1000 Innovationsorte – Stadt, Land, JETZT

Paaß‘ Forderung nach stärkeren Netzwerken wird im Case von Mit-Hofbewohner Philipp Hentschel diskutiert. Unter dem Casetitel „Bündnisse groß denken für Visionen und Zukunft“ entstehen Ideen und Konzepte, die den „(Wieder-)Einstieg Land“ erleichtern und diejenigen vernetzen, die bereits da sind. Ein Lösungsansatz des Teams, eine Anlaufstelle für Land-Interessierte, ein neues Kompetenzzentrum, die „Brutstätte – Stadt, Land, JETZT“. Das Kompetenzzentrum fungiert als Inkubator in urbanen Zentren, wie Berlin, Leipzig oder Köln. Dort finden Informationsveranstaltungen statt, Wissen wird ausgetauscht und Personen erhalten persönliche Beratung zu Standortfragen, bürokratischen Themen und sozialen Faktoren in der neuen Wunschheimat. Komplementiert wird das Kompetenzzentrum durch ein breites Online-Angebot mit Informationen, Best Practice Beispielen und persönlichen Austauschmöglichkeiten. Doch wie gelingt die direkte Verbindung zwischen Inkubator und Land? Durch die fahrende Außenstelle „Gackertrucker“: ein Dialogmobil, das durch ländliche Räume tourt, um Vorurteile abzubauen, Stimmungsbilder einzufangen und Bedarfe zu klären.

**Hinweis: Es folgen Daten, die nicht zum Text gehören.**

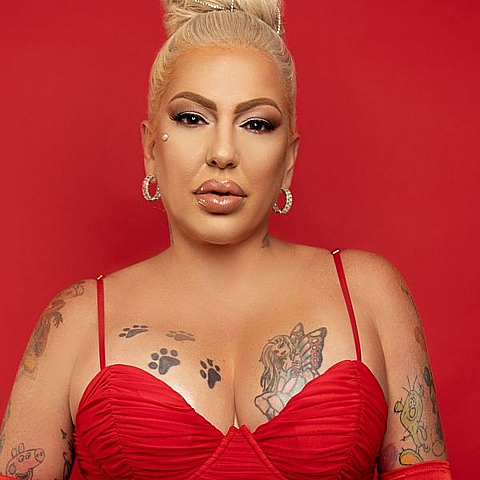 La artista cubana deslumbró en Instagram con un vestido rojo 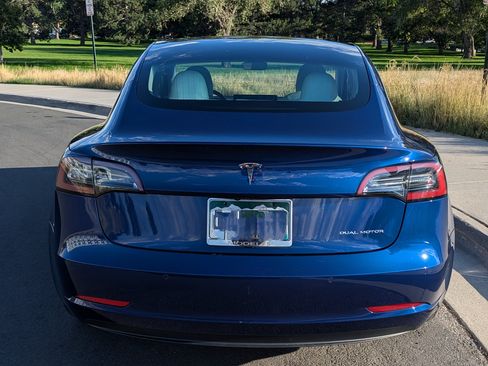Used 2019 Tesla Model 3 Long Range image 16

„1.000 Innovationsorte in ländliche Räumen bis 2030“, wünscht sich Philipp Hentschel. Damit aus seiner Vision Realität werden kann, hat sich ein anderer Teil des Teams auf diejenigen fokussiert, die bereits Konzepte für gewerbliche Projekte in ländlichen Räumen entwickelt haben. Ihre Frage: „Wie können wir Ämter und Verwaltungen besser von unseren Projekten überzeugen?“ Ihre Lösung: Ein digitaler Ämterkompass, der Gründer*innen unterstützt, passende Ansprechpartner*innen, Gleichgesinnte und die richtige Antragsform zu finden.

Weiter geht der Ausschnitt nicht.